WHAT TO PRODUCE
Exactly the lines below, starting with the one containing "Dallas Cowboys Skull Star Emblem T-Shirt" and going on through the one containing "Black Skull &", must be reproduced, both ends included, and no pictures with them.

DATA TO USE section start

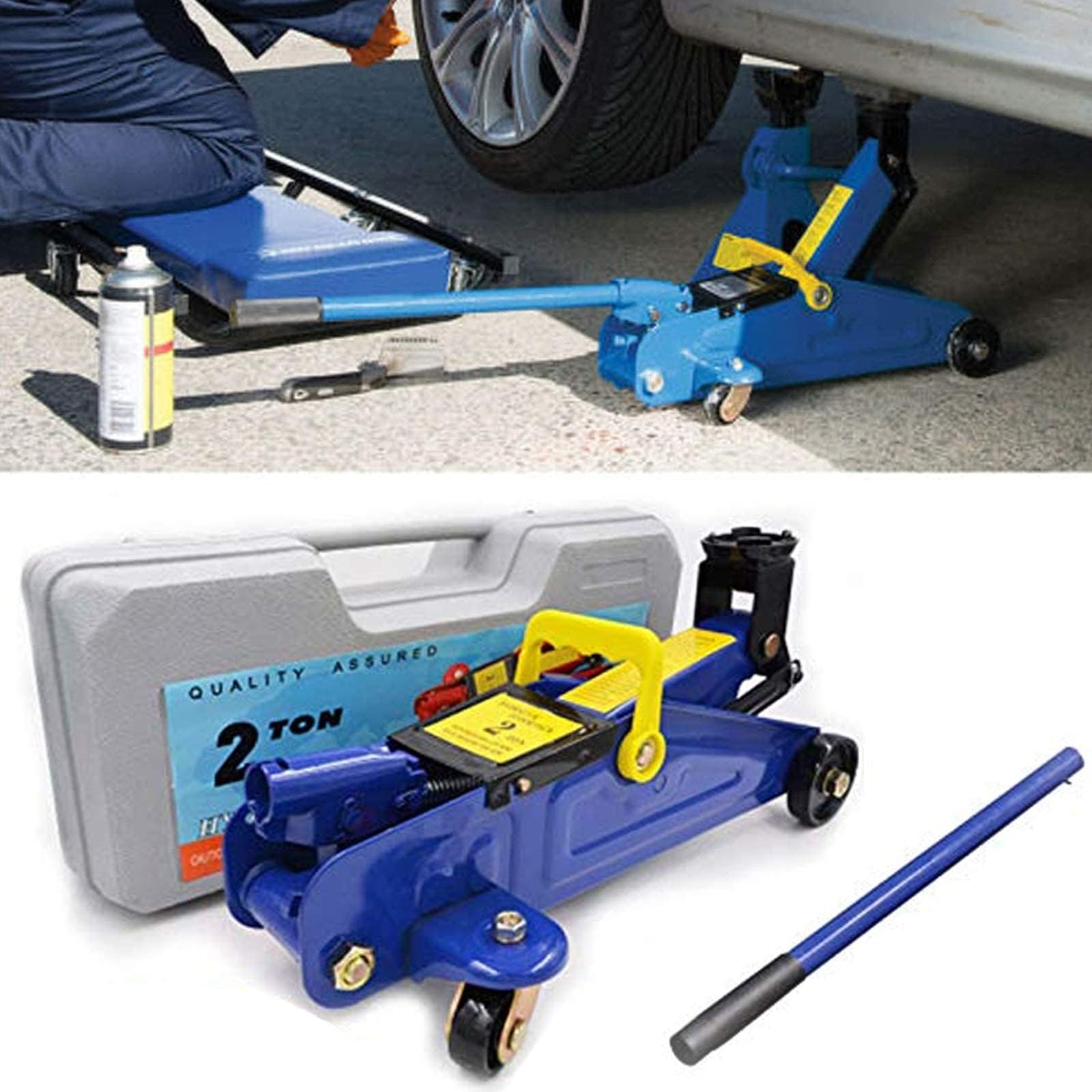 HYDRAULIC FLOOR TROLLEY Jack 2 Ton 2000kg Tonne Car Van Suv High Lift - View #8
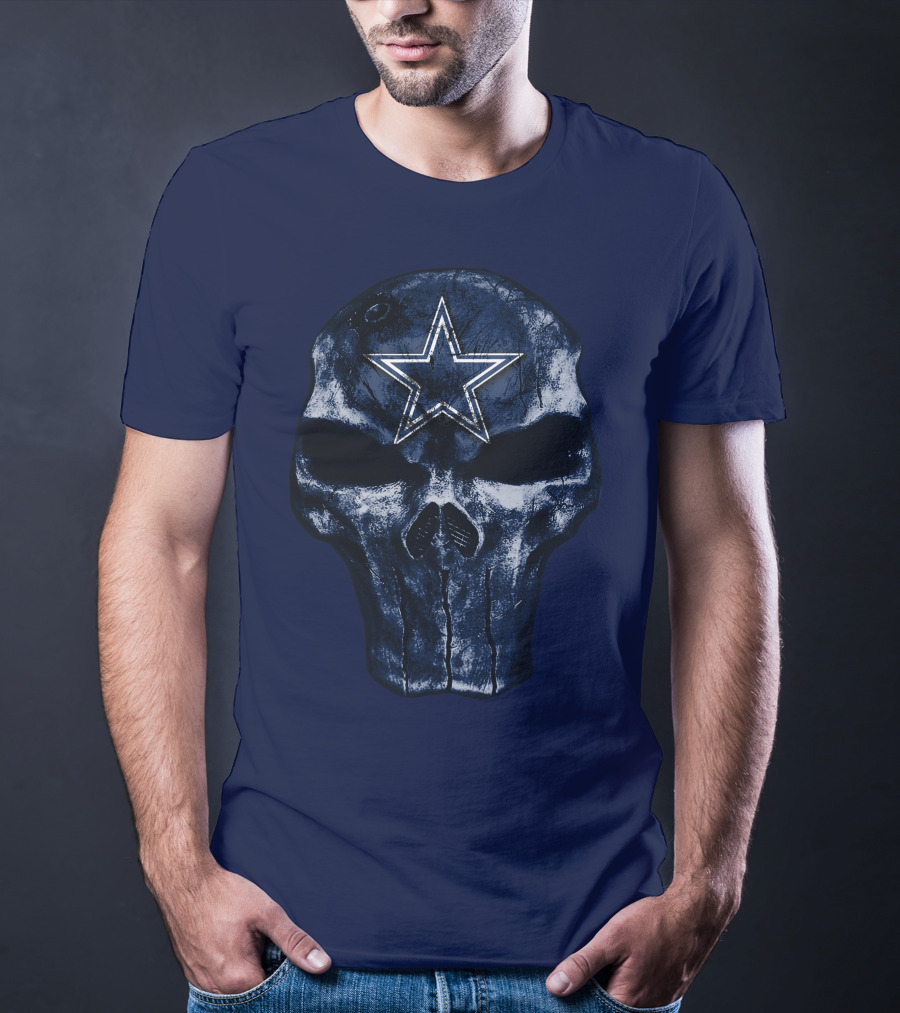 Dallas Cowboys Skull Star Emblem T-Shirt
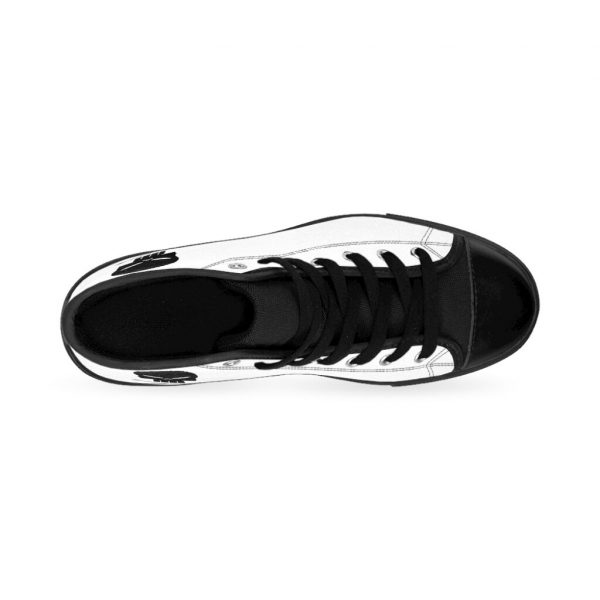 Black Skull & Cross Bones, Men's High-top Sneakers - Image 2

DATA TO USE section end
DATA TO USE section start

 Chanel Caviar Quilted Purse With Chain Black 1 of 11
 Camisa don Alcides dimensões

DATA TO USE section end
DATA TO USE section start

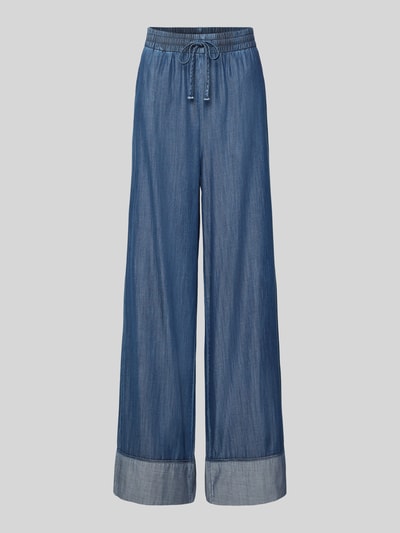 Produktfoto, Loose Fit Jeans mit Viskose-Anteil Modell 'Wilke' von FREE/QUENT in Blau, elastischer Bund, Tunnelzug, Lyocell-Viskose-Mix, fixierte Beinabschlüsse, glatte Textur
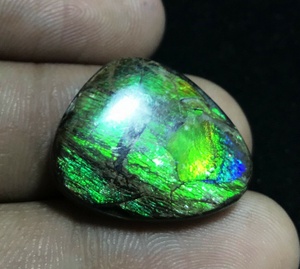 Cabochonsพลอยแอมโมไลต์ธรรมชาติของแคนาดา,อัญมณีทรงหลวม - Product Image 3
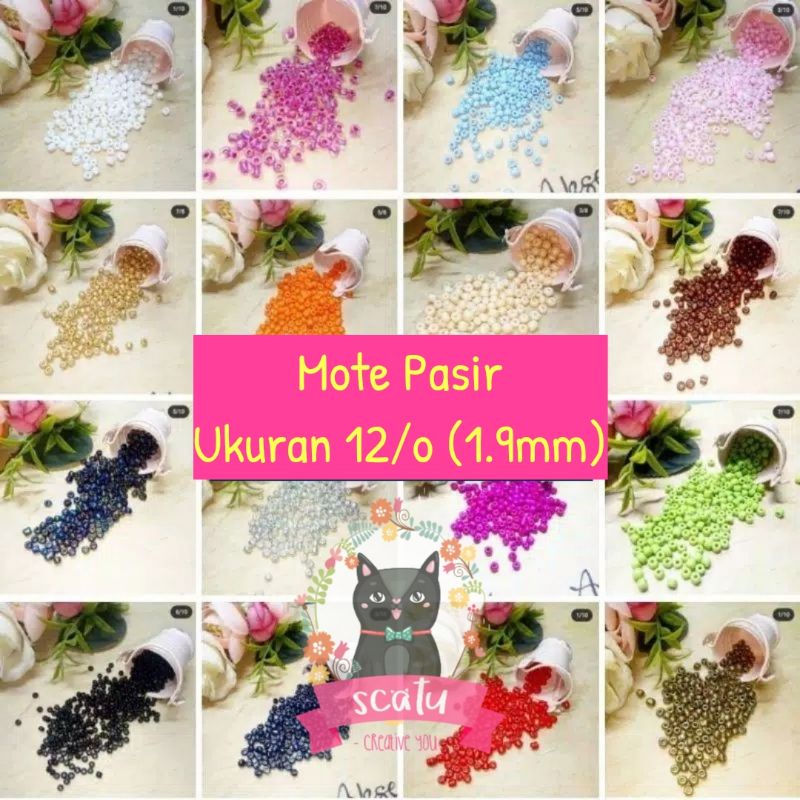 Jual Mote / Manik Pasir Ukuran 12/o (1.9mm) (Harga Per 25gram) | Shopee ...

DATA TO USE section end

ANSWER FOR THE TASK
 Dallas Cowboys Skull Star Emblem T-Shirt
 Black Skull & Cross Bones, Men's High-top Sneakers - Image 2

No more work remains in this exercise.